However, even now where a death occurs more than three years after an assault causing an injury, or where the accused was previously convicted of an offence committed in circumstances connected with the death (for example, a previous conviction for causing grievous bodily harm), a prosecution can only be started with the consent of the attorney general.

'Staring eyes'

Speaking outside the court, through his solicitor Jenny Wiltshire of Hickman Rose, Mr Young said: "There are no winners in this case, or in relation to what happened to Michael.

"I had moved on with my life, with my new partner and lovely little girl.

"When Michael tragically died, I was arrested out of the blue, and once again my world was turned upside down.

"I really question whether it was in the public interest to prosecute me after so long."

Young broke down in tears when the jury returned the verdict after more than 24 hours of deliberations.
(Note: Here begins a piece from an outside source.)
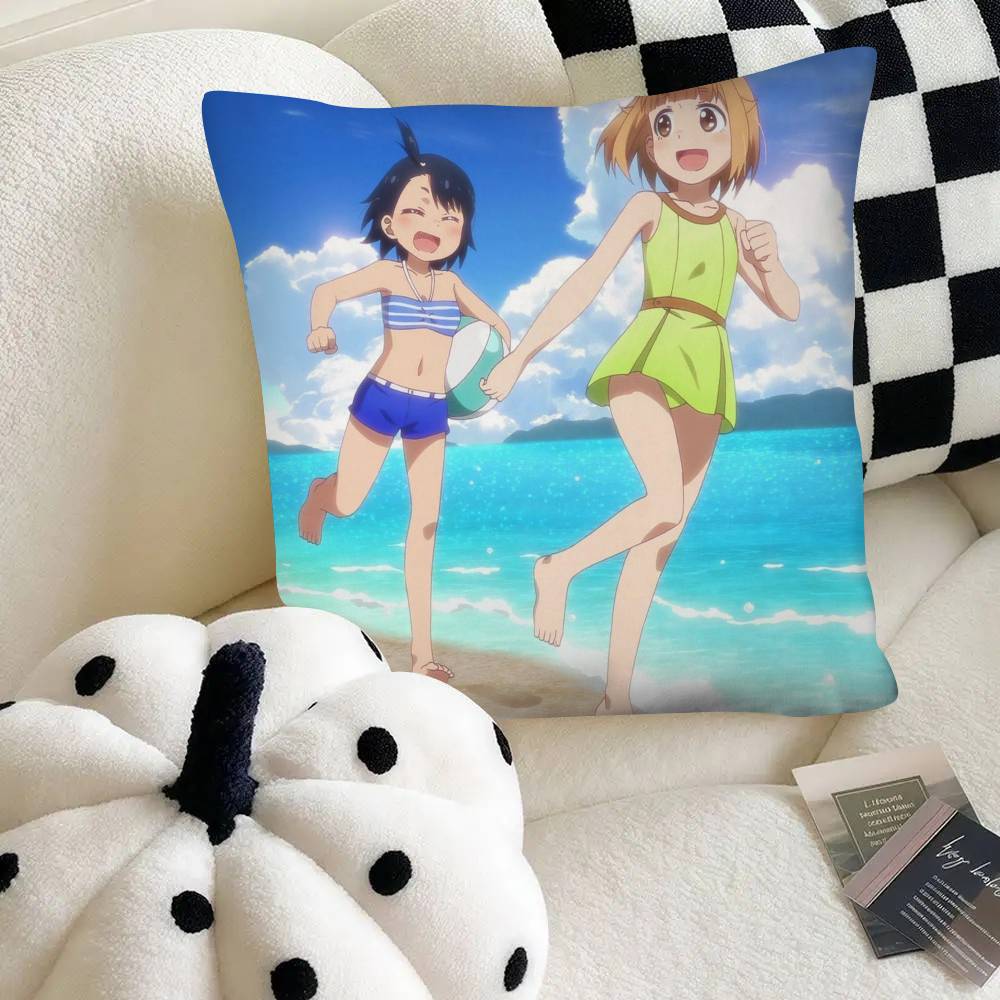 Anime Diary Of Our Days At The Breakwater Pillow Case Fashion Square Pillowcase Bedroom Sofa Room Ins Decoration Leisure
Michael died in the care of his adoptive mother in January 2011.

In 1999 Young had admitted causing grievous bodily harm and was jailed for 12 months.

However, when Michael died in 2011, he was charged with manslaughter.

Before 1996, charges of murder or manslaughter could only be brought if death occurred within a year and a day from the date of the original assault.

In Young's case, charges were brought even though there had been a 12-year gap, the longest on record.

Following the assault in 1998, Michael was put into care and later adopted.

The defence case was that Michael's death was from natural causes.

Allan Young Allan Young denied the manslaughter of his son

The prosecution had alleged Michael's death was a direct result of the injuries he suffered, which caused cerebral palsy and curvature of the spine.

The child had trouble breathing, was blind, incontinent, could not speak, and was assessed as having only a 65% chance of surviving to the age of 11 following the assault.

At the time of his death, his adoptive mother described him as having the functioning age of six weeks, the court heard.

When Young was arrested in March 2011 he said in a police interview he had "accidentally shaken" Michael for seconds after he had been up all night on 16 April 1998, the court heard.

The prosecution told the jury that when his then partner Erica Francis woke up later that day, she noticed Michael had become "all floppy" and had "staring eyes that did not focus".

  • This story was updated on 2 August to clarify our reporting of the court's verdict in this case.